Based on this, one could mark and cut out said arc length from a pvc pipe of the correct internal ø and use it to shape glandes from clay balls in a precise and repeatable manner, much like Aardvark shaper, but with longer lengths one could roll multiple balls at once. By using softened wax instead of clay, blanks for the lost-wax casting of bismuth projectiles (please dont sling lead around)
For a 60g clay glande I calculated the following:
(Assuming 15% weight reduction drying air drying and a density of 1.4g/cm³)
60g+15%≈70g clay
70g/1.4g/cm³ = 50cm³
Ellipsoid volume =4/3πabc, where semiaxis a:c = 1:2.5 for a 1:2.5 curve ratio, the same for semiaxis b assuming a circular crosssection. This results in the unsimplified formula being V=4/3π0.4c×0.4c×c
Solving for c with a 50cm³ volume results in c= 4.2cm, meaning a & b both = 1.68cm. These semiaxis are then multiplied by 2 to get the final gland dimensions; 8.4cm long, ø3.36cm
Using this calculator
https://www.handymath.com/cgi-bin/arc18.cgi?convrad=cm&convarc=cm&convwid=cm&con... one can then input the values of c and a to find the arc length and diameter of the circle. For the above projectile this is an arc length of 9.27cm and diameter of 12.18cm.

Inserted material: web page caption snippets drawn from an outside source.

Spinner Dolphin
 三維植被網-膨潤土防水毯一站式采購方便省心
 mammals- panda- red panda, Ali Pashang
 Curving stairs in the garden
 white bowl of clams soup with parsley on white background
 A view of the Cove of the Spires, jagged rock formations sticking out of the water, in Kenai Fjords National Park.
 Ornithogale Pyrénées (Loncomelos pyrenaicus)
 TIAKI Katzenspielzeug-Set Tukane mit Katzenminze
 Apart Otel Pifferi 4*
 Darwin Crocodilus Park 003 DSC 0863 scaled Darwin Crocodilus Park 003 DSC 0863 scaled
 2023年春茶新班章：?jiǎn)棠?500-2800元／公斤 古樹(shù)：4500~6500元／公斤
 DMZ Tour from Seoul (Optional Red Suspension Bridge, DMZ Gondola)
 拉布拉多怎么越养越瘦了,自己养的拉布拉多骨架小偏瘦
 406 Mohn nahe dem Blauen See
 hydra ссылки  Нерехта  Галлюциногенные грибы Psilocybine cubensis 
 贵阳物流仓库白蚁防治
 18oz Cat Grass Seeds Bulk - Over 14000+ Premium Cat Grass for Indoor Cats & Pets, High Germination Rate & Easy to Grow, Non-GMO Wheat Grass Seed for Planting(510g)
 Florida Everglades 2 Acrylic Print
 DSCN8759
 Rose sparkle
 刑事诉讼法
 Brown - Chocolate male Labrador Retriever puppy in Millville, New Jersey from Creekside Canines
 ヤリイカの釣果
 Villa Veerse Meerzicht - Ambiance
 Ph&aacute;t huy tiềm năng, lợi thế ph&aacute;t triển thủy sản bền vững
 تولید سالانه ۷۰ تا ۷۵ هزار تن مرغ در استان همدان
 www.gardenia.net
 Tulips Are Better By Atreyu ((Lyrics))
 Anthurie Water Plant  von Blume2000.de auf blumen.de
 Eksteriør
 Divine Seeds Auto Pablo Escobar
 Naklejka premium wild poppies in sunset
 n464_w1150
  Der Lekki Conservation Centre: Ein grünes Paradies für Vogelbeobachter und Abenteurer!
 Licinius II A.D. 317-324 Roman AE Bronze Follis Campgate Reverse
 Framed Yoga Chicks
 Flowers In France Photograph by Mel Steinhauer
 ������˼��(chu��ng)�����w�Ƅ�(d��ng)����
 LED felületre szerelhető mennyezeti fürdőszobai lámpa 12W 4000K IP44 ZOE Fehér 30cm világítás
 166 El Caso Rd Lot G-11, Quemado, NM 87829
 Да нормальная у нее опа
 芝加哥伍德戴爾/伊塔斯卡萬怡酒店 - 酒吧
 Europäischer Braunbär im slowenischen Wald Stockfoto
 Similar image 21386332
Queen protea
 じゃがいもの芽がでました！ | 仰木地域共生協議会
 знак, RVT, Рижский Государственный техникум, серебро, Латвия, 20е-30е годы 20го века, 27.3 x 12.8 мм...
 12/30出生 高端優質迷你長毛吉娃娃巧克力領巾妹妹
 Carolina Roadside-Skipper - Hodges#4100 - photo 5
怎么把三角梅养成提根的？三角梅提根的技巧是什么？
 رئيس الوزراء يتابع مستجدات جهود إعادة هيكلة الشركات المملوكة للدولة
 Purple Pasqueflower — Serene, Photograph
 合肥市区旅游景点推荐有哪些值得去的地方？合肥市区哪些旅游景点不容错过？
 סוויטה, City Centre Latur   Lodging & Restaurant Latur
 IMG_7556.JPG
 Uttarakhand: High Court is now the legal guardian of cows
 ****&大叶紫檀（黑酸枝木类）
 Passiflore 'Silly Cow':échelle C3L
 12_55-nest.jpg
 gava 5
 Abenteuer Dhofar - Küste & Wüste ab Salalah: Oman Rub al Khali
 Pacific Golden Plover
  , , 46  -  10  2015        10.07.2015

This diameter correlates roughly to the internal diameter of 125x3.1mm PVC pipe with an ID of 11.9cm, the arc length reflecting how wide of a section (measured on the inner wall of the pipe) to cut out.
These formula can course be modified for other curve ratios and projectile weights and densitys. For a 1:2 curve a and b each = 0.5c, for 1:3 0.3'c etc
I intend to build this in the near future, once I get my hands on a few kgs of clay. Until then I welcome others to come up with their own versions.